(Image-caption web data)
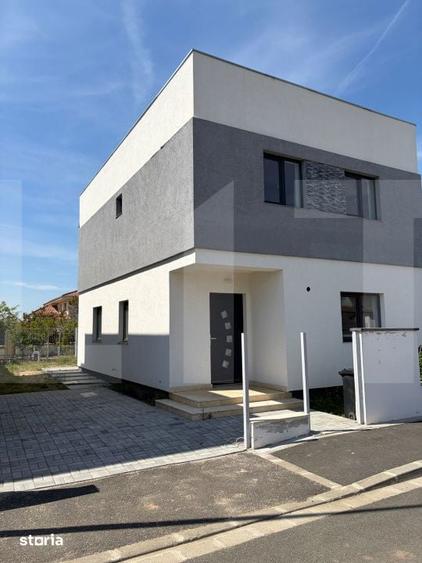 Casă cu 4 camere cu Teren 350 Mp în Ghiroda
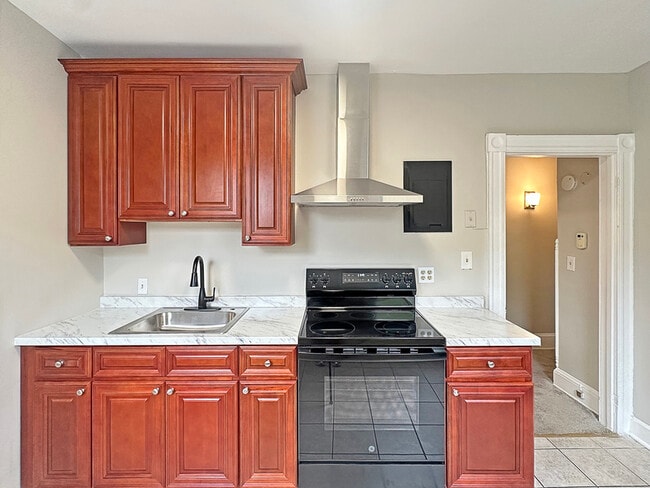 Photo - 2618 Maryland Ave Unit Apt 2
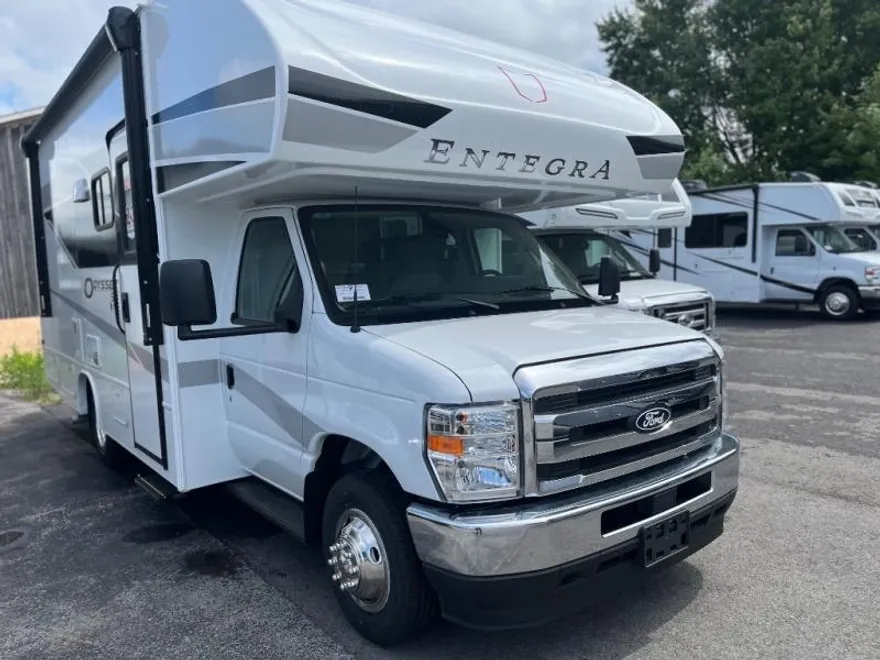 2026 Ford E-350 Base photo 1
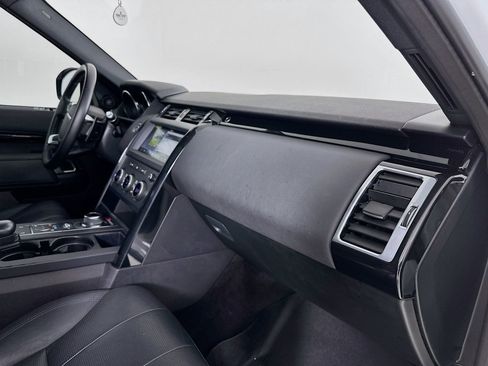 Used 2019 Land Rover Discovery SE image 30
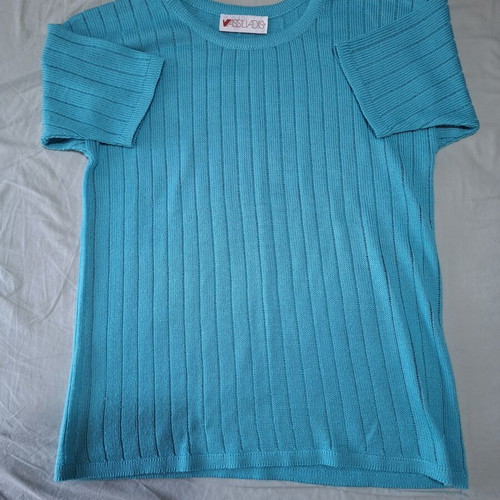 Turquoise knitted top with short sleeves like new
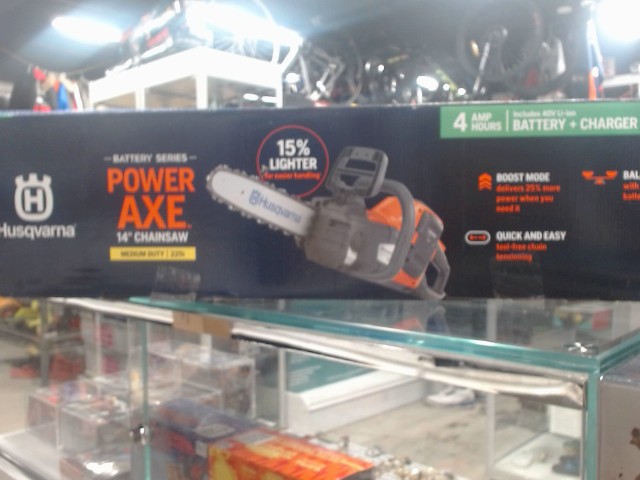 Chainsaw medium duty 225i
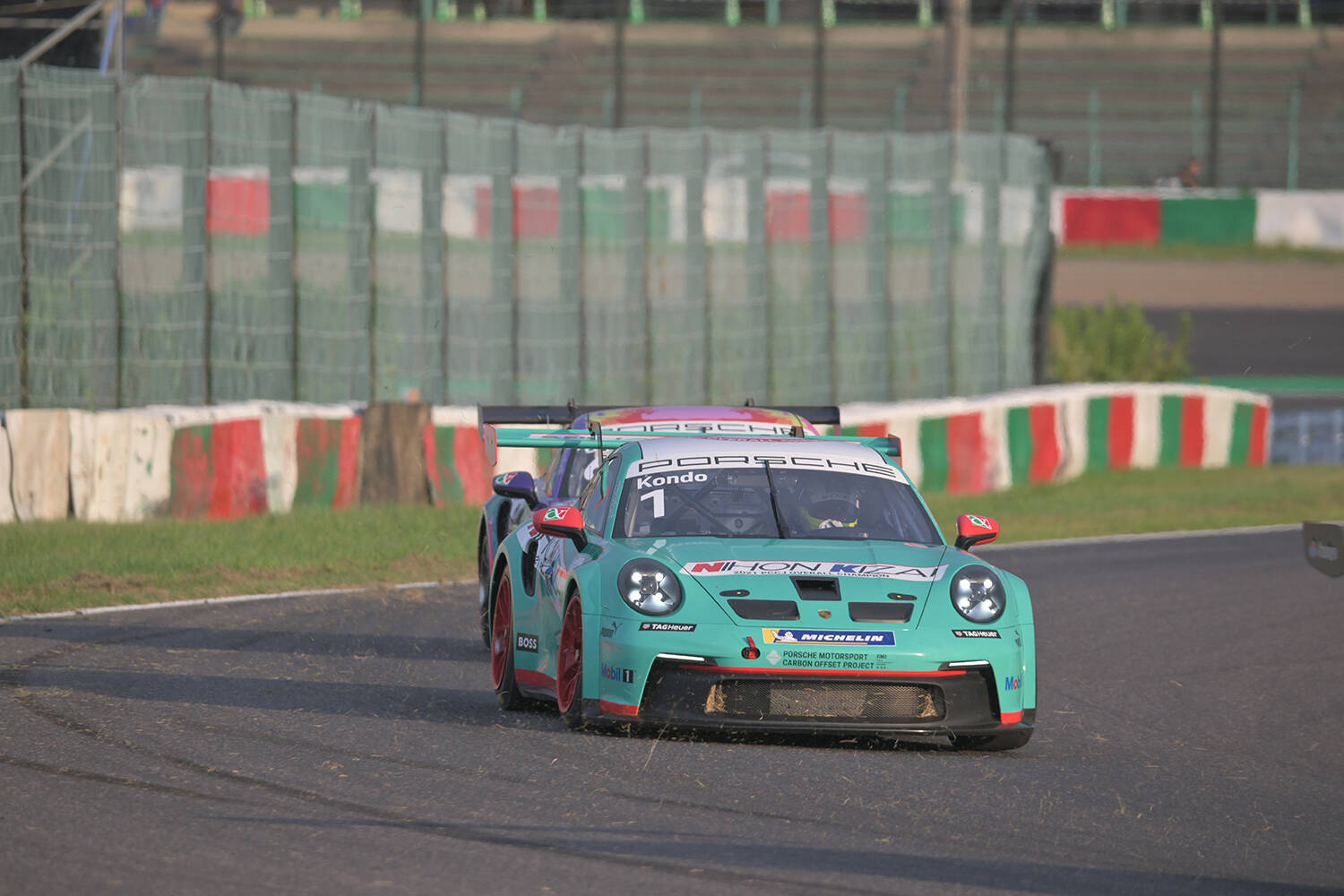 スーパーGTの前から大盛り上がり！　バカッ速の市販車が競う「ポルシェのワンメイクレース」が最高に熱かった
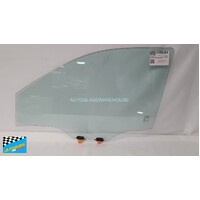 NISSAN NAVARA D23 - NP300 - 3/2015 to CURRENT - 2DR/DUAL SINGLE CAB - PASSENGER - LEFT SIDE FRONT DOOR GLASS - WITH FITTINGS - GREEN  - NEW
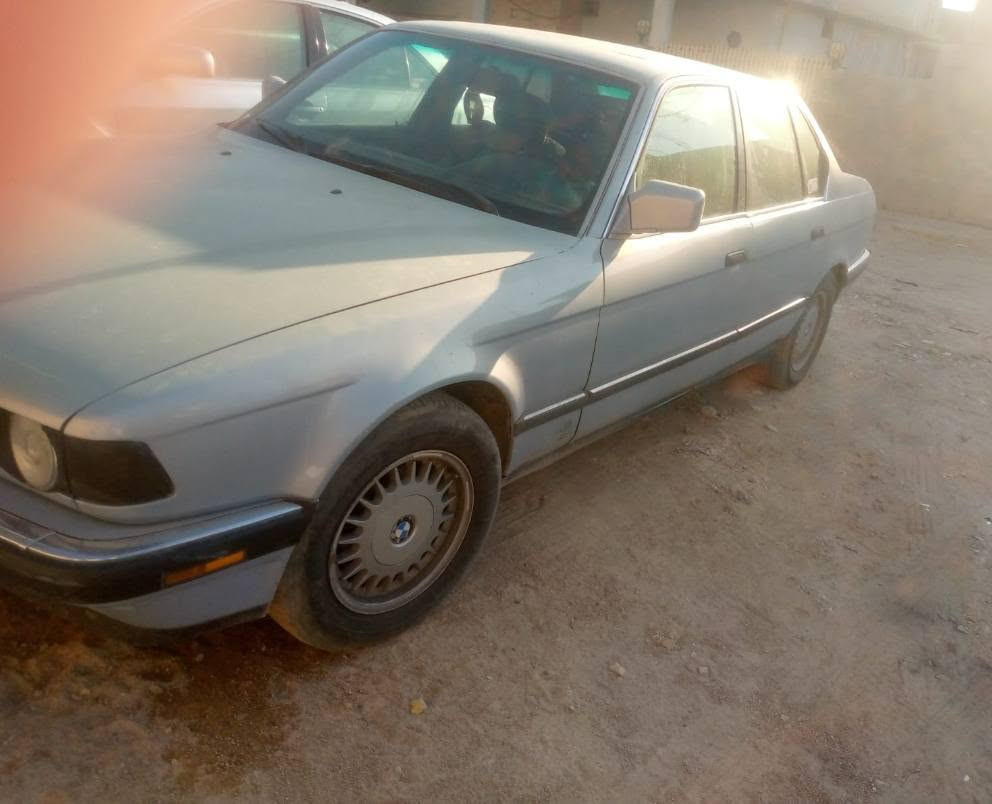 لبيع أو المراوس بي ام موديل 91 حجم 735 فول مواصفات تبريد شغال سياره حلو و اترايك لبصره سعره 50 لستفسار ***********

> WORK TO BE COMPLETED:
Omit all pictures and write out, exactly, only the lines from the line containing "スーパーGTの前から大盛り上" through the last line of the entries above.

> SOLUTION FOR THIS PROBLEM:
 スーパーGTの前から大盛り上がり！　バカッ速の市販車が競う「ポルシェのワンメイクレース」が最高に熱かった
 NISSAN NAVARA D23 - NP300 - 3/2015 to CURRENT - 2DR/DUAL SINGLE CAB - PASSENGER - LEFT SIDE FRONT DOOR GLASS - WITH FITTINGS - GREEN  - NEW
 لبيع أو المراوس بي ام موديل 91 حجم 735 فول مواصفات تبريد شغال سياره حلو و اترايك لبصره سعره 50 لستفسار ***********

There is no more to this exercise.